Olive Oil and Saffron Pastry (Masa para empanadas)

From The New Spanish Table by Anya von Bremzen.
Ingredients:
1 tsp. active dry yeast
1/2 tsp. sugar
2/3 c. lukewarm water (105° to 115°F)
4 Tbsp. (1/2 stick) unsalted butter, melted
1/2 c. extra-virgin olive oil
1 large egg, beaten
1 large pinch of saffron threads, toasted, pulverized in a mortar, and steeped in 3 Tbsp. very hot water
2 scant tsp. salt
3 1/2 to 3 3/4 c. all-purpose flour

Place the yeast, sugar, and water in a large bowl, stir to mix, and let stand until foamy, about 10 minutes. Whisk in the butter, olive oil, egg, saffron, and salt, and mix well with a wooden spoon. Stir in 3 ½ cups of the flour, 1 cup at a time, stirring well after each addition.
Turn the dough out onto a floured work surface and knead until it is smooth and elastic, about 5 minutes, kneading in the remaining ¼ cup flour if the dough feels sticky.
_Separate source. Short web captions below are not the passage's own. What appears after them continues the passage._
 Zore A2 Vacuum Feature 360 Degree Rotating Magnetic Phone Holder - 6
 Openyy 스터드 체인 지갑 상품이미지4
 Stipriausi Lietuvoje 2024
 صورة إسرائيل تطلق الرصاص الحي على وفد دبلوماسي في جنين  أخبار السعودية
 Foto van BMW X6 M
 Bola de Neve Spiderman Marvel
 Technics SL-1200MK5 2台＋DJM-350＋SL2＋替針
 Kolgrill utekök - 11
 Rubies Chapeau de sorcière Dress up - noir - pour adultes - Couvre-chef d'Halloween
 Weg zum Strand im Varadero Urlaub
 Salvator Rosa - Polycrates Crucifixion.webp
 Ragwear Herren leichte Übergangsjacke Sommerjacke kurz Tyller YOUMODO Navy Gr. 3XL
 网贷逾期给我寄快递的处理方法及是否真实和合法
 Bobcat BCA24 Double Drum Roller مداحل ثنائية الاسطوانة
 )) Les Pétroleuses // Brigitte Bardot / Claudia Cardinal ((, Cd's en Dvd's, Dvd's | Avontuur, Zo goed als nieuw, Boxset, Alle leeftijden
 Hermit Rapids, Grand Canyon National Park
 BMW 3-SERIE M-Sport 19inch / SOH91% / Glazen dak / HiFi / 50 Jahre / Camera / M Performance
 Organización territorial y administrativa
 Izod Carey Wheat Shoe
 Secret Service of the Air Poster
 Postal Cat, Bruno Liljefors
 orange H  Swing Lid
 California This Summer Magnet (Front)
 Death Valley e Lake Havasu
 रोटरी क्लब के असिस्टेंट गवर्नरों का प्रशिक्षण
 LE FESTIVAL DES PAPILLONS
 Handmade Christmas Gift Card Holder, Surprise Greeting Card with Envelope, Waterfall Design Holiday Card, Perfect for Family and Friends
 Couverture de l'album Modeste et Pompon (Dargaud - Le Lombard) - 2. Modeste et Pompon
The dough will be oily and pliable. Divide the dough into two parts, one slightly larger than the other. Shape into two balls, place in a buttered bowl, cover loosely with plastic wrap, and let stand for 20 minutes. The dough will rise only slightly. The dough can be refrigerated, covered in plastic wrap, for up to 24 hours. Let it return to room temperature before using.
Makes enough dough for 1 large empanada. Used in Galician tuna empanada with melting onions.